The green wall is planted with nasturtiums, parsley and lettuces and will be connected to the pond as soon as we can get to it.
We have been blessed with some great spring rains to boost the growing. Also some pretty fierce winds.
The silly garden decor bicycle got a new coat of turquoise paint. Magenta baskets to come.
The little yellow magnolia bloomed seriously and gloriously for the first time.
The waxy, fragrant blossom were about ten inches across when open! Pretty exotic for Minnesota.
The cows finally got to go into the pasture. The first few days I only let them in for a few hours, but now they have full access and the grass has become tall and lush. They are so happy.

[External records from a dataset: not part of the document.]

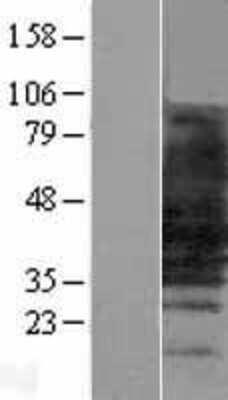 Western Blot: SLC10A1 Overexpression Lysate [NBL1-16003]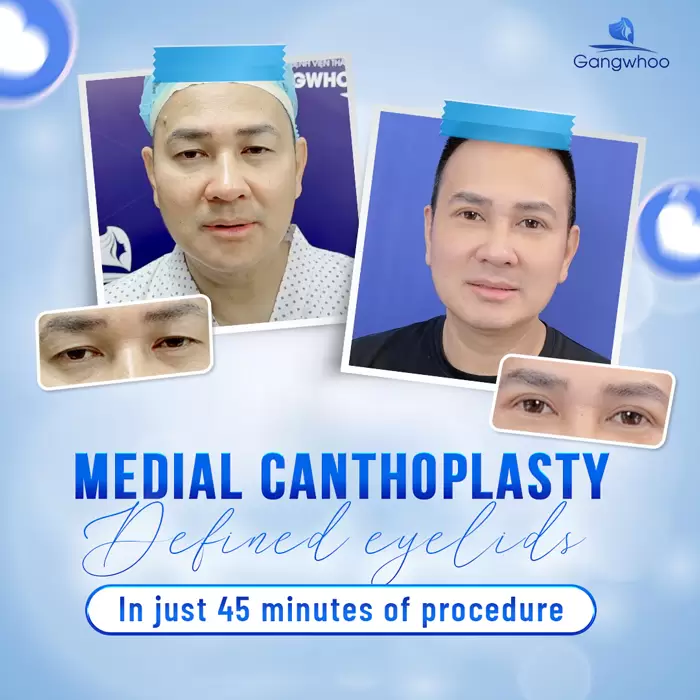 Medial Canthoplasty – For Charming and Flawless Eyes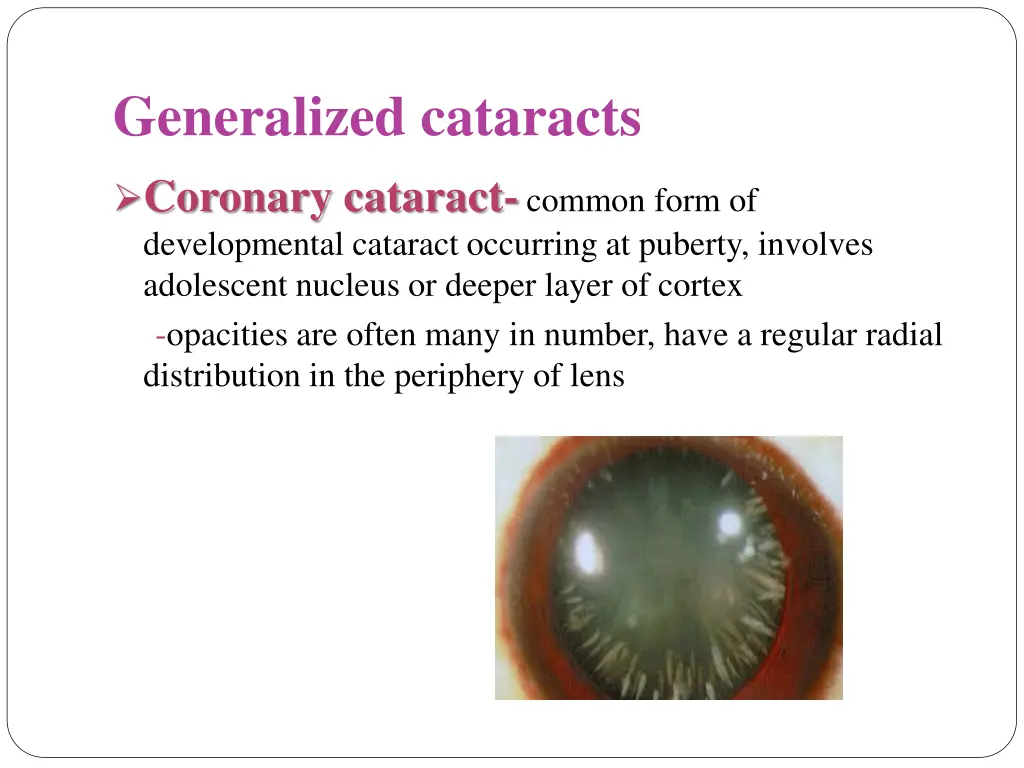 generalized cataracts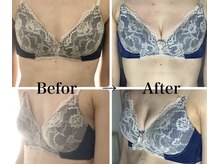 ブレスト 新宿本店(Breast)/《6回目》40代（バストアップ)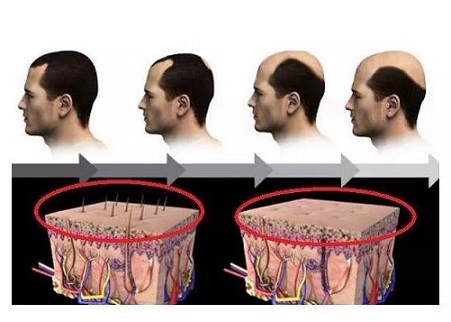 改善斑秃最快捷的办法是什么？咨询下纹发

Our first event of the season was the ReBlossom Boutique, for EarthFest, the last weekend of April. Ten vendors sold their recycled, upcycled, vintage and garden wares, plus we had live music, wood-fired pizza and kettle corn. I took this photo when our first vendor to arrive, Teri, started setting up her stuff, and never had a chance to pick up my camera again! More than a thousand people came on Saturday, exceeding our wildest expectations, and we had hundreds more on Sunday despite the rain, What a glorious, fun weekend.
Rog and I are serious Ted Talk fans, so we were honored to be asked to host the TedX Zumbro River speakers for dinner the night before the big event in Rochester last week!
We also baked 1200 (!) savory and fruit turnovers for the audience at TedX event. I really did not have a very strong sense of what we were getting ourselves into - it turns out that 1200 is a LOT of hand-made turnovers. To give you an idea, there are 134 turnovers in this photo.We formed, half-baked and froze turnovers for 4 days, then thawed, baked and packaged them all the night before.
At 5 a.m., Mae was actually still smiling as we finished packaging the last batch of turnovers for delivery a couple hours later. Ruth was also here baking turnovers until the wee hours of the morning. We are so fortunate, and so grateful, for Mae and Ruth's invaluable help.
Our season has barely begun... we are just planting the gardens now, we will be at the Farmers Market beginning next weekend, the CSA starts in 2 weeks, we are planting a Food Forest at the end of May, and in June we will open for Summer Sundays at Squash Blossom and host three weddings! We have a fire in our belly - it is going to be a crazy, fabulous summer!
In September 2008, we dived into our dream of creating a small, sustainable farm. Neither of us has previous farming experience, but we have enthusiasm and many ideas for this little 10-acre farmstead.